Required action ->
Each line below from the line with "454 N 3rd Ave, Oakdale, CA 95361 - Photo 9" to the line with "04 Dining Room" must be copied exactly, including those two, and no picture may appear in the copy.

Records for the exercise ->
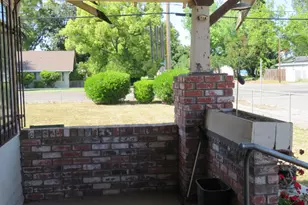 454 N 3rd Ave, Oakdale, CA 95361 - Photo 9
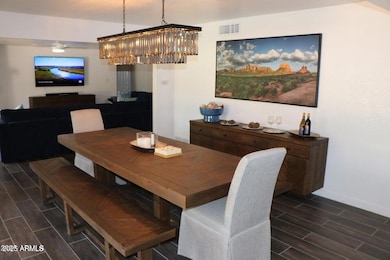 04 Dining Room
* * *
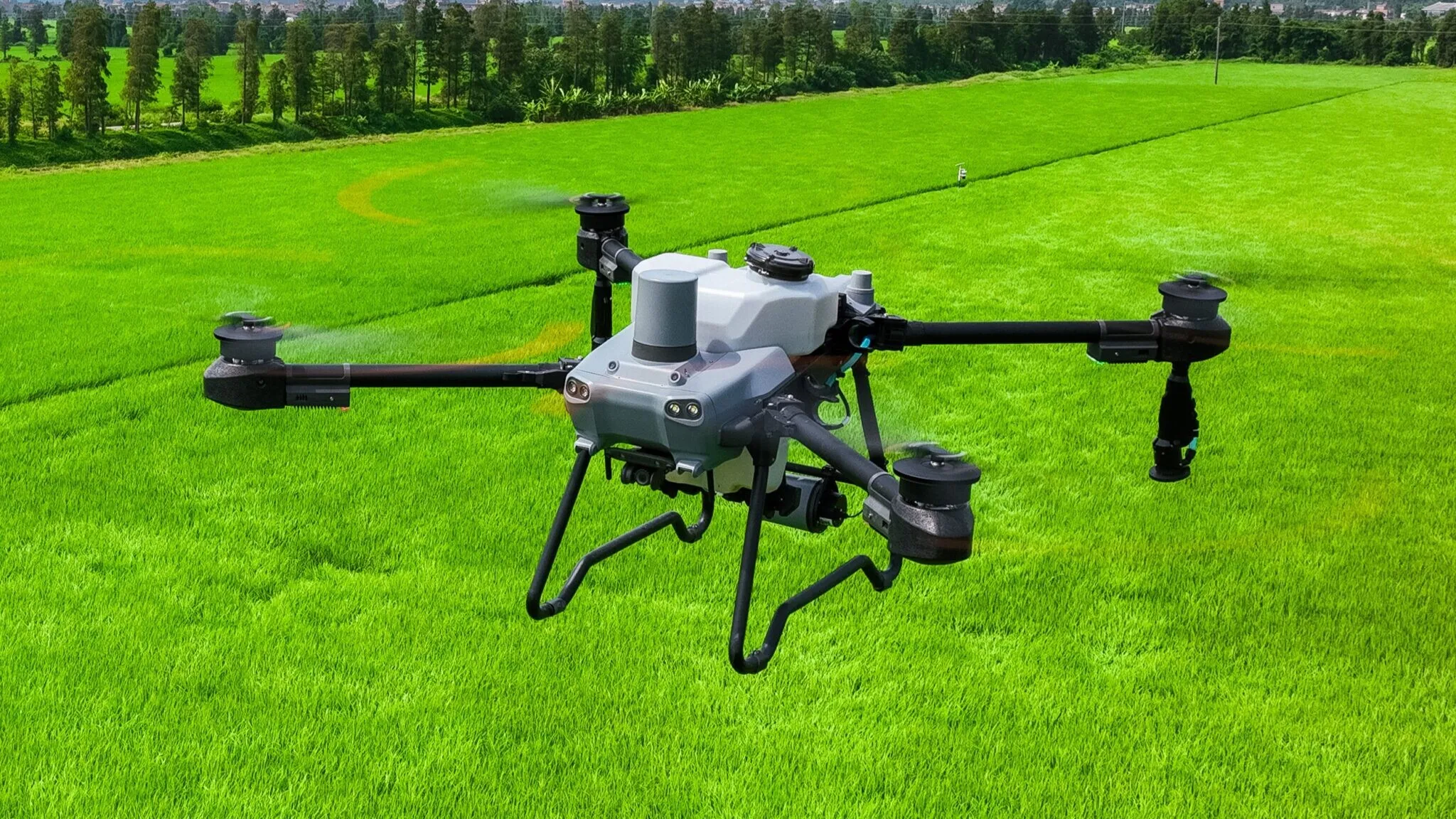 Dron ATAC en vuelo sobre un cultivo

Response to the task ->
 454 N 3rd Ave, Oakdale, CA 95361 - Photo 9
 04 Dining Room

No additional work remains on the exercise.